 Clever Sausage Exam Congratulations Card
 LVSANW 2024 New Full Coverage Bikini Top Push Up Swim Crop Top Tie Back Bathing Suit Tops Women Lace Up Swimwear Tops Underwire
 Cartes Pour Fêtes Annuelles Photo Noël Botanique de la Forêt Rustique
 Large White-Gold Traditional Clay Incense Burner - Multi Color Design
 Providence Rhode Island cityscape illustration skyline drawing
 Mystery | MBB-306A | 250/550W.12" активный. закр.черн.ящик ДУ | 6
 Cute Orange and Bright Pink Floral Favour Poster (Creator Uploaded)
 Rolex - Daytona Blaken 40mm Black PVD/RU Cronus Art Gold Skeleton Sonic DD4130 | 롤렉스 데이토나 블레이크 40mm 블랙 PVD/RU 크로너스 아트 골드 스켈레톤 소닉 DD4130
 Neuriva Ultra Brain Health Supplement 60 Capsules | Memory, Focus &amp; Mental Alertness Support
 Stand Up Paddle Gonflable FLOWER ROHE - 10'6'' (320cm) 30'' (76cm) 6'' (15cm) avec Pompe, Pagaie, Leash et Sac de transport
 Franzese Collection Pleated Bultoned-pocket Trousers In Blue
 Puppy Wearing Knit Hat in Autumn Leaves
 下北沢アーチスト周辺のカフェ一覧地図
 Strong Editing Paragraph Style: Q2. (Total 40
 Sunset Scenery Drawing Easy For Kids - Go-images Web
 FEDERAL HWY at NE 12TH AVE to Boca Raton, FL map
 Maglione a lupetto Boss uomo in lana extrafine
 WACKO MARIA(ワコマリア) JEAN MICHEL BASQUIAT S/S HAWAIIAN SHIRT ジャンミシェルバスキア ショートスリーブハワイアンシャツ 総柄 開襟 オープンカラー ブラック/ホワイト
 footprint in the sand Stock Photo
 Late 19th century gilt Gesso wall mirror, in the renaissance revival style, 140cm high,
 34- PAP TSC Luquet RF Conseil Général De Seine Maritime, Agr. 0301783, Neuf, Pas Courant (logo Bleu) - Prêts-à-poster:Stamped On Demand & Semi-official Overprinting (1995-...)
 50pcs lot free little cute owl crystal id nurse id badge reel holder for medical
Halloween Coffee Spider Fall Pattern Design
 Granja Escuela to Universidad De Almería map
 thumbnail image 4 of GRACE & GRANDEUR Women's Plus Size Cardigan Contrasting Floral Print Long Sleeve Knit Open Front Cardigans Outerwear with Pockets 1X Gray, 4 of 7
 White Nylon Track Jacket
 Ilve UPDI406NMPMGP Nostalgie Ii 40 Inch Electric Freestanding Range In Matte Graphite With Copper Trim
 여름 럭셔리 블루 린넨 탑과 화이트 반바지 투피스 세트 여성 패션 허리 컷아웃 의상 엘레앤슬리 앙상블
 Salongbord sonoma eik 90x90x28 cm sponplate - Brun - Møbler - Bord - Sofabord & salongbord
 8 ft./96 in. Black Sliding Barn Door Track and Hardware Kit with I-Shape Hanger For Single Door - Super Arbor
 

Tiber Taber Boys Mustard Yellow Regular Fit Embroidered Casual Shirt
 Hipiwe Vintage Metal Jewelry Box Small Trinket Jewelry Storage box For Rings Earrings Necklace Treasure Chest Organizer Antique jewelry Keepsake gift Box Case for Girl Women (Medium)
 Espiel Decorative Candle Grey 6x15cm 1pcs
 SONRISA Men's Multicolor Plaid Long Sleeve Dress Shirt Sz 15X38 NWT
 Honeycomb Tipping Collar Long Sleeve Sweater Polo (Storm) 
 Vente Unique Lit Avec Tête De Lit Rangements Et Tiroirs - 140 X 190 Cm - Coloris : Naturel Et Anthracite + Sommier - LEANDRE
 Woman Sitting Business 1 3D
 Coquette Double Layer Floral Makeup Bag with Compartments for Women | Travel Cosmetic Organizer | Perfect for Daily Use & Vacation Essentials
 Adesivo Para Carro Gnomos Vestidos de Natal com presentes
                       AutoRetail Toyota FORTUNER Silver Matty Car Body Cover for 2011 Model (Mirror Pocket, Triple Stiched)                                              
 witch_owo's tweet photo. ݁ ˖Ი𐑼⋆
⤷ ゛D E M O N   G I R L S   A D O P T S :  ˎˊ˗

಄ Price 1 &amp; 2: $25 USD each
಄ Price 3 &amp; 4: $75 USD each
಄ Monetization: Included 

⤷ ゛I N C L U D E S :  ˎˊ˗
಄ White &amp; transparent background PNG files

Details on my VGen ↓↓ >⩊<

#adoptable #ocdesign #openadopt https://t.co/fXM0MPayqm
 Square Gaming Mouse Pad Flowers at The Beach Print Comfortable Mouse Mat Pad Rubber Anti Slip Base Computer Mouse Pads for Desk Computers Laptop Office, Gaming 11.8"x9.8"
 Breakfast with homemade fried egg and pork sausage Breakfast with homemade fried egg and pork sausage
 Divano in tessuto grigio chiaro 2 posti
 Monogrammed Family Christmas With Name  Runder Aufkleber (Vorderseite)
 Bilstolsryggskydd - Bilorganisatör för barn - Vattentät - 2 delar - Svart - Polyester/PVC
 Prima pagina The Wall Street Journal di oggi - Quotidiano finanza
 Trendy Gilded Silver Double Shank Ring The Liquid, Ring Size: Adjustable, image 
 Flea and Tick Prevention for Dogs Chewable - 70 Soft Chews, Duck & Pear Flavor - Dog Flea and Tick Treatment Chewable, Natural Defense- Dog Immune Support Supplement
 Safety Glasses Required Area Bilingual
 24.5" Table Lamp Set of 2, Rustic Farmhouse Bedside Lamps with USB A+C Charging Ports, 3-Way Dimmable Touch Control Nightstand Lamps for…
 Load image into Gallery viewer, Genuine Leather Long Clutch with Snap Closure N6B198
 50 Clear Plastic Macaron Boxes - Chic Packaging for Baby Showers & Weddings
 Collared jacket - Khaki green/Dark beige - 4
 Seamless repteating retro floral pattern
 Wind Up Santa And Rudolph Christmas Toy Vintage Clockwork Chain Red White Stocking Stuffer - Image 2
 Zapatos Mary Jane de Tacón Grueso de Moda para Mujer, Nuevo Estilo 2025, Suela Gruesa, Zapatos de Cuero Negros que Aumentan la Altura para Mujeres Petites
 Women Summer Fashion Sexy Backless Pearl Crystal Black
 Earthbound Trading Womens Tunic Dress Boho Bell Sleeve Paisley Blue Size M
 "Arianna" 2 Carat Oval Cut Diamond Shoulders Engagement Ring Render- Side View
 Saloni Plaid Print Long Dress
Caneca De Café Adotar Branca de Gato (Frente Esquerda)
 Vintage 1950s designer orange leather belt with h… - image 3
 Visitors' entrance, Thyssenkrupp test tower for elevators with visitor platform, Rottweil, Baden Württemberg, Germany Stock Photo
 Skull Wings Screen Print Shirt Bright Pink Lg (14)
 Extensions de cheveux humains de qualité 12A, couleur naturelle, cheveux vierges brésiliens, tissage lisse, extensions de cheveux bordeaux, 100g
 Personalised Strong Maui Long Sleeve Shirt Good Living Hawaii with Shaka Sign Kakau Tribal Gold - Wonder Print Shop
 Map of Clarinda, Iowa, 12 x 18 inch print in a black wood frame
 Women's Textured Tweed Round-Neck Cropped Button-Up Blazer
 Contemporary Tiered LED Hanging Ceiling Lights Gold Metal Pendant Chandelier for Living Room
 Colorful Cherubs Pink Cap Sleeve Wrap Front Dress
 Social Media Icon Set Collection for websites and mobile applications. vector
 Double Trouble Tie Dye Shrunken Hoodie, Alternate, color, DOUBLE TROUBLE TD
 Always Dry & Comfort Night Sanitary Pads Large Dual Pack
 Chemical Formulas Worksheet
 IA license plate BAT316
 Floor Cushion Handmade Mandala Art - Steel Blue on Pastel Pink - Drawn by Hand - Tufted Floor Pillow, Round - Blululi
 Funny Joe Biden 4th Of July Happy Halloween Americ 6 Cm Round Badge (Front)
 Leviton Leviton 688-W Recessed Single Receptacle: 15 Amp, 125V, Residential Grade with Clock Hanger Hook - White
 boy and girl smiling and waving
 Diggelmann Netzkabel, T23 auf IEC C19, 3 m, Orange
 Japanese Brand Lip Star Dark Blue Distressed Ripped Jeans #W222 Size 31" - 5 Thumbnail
^^^^
What needs to be done:
Only the lines above from the one with "50pcs lot free" up to and including the one with "Square Gaming Mouse" should be repeated, exactly as written.

Task output:
 50pcs lot free little cute owl crystal id nurse id badge reel holder for medical
Halloween Coffee Spider Fall Pattern Design
 Granja Escuela to Universidad De Almería map
 thumbnail image 4 of GRACE & GRANDEUR Women's Plus Size Cardigan Contrasting Floral Print Long Sleeve Knit Open Front Cardigans Outerwear with Pockets 1X Gray, 4 of 7
 White Nylon Track Jacket
 Ilve UPDI406NMPMGP Nostalgie Ii 40 Inch Electric Freestanding Range In Matte Graphite With Copper Trim
 여름 럭셔리 블루 린넨 탑과 화이트 반바지 투피스 세트 여성 패션 허리 컷아웃 의상 엘레앤슬리 앙상블
 Salongbord sonoma eik 90x90x28 cm sponplate - Brun - Møbler - Bord - Sofabord & salongbord
 8 ft./96 in. Black Sliding Barn Door Track and Hardware Kit with I-Shape Hanger For Single Door - Super Arbor
 

Tiber Taber Boys Mustard Yellow Regular Fit Embroidered Casual Shirt
 Hipiwe Vintage Metal Jewelry Box Small Trinket Jewelry Storage box For Rings Earrings Necklace Treasure Chest Organizer Antique jewelry Keepsake gift Box Case for Girl Women (Medium)
 Espiel Decorative Candle Grey 6x15cm 1pcs
 SONRISA Men's Multicolor Plaid Long Sleeve Dress Shirt Sz 15X38 NWT
 Honeycomb Tipping Collar Long Sleeve Sweater Polo (Storm) 
 Vente Unique Lit Avec Tête De Lit Rangements Et Tiroirs - 140 X 190 Cm - Coloris : Naturel Et Anthracite + Sommier - LEANDRE
 Woman Sitting Business 1 3D
 Coquette Double Layer Floral Makeup Bag with Compartments for Women | Travel Cosmetic Organizer | Perfect for Daily Use & Vacation Essentials
 Adesivo Para Carro Gnomos Vestidos de Natal com presentes
                       AutoRetail Toyota FORTUNER Silver Matty Car Body Cover for 2011 Model (Mirror Pocket, Triple Stiched)                                              
 witch_owo's tweet photo. ݁ ˖Ი𐑼⋆
⤷ ゛D E M O N   G I R L S   A D O P T S :  ˎˊ˗

಄ Price 1 &amp; 2: $25 USD each
಄ Price 3 &amp; 4: $75 USD each
಄ Monetization: Included 

⤷ ゛I N C L U D E S :  ˎˊ˗
಄ White &amp; transparent background PNG files

Details on my VGen ↓↓ >⩊<

#adoptable #ocdesign #openadopt https://t.co/fXM0MPayqm
 Square Gaming Mouse Pad Flowers at The Beach Print Comfortable Mouse Mat Pad Rubber Anti Slip Base Computer Mouse Pads for Desk Computers Laptop Office, Gaming 11.8"x9.8"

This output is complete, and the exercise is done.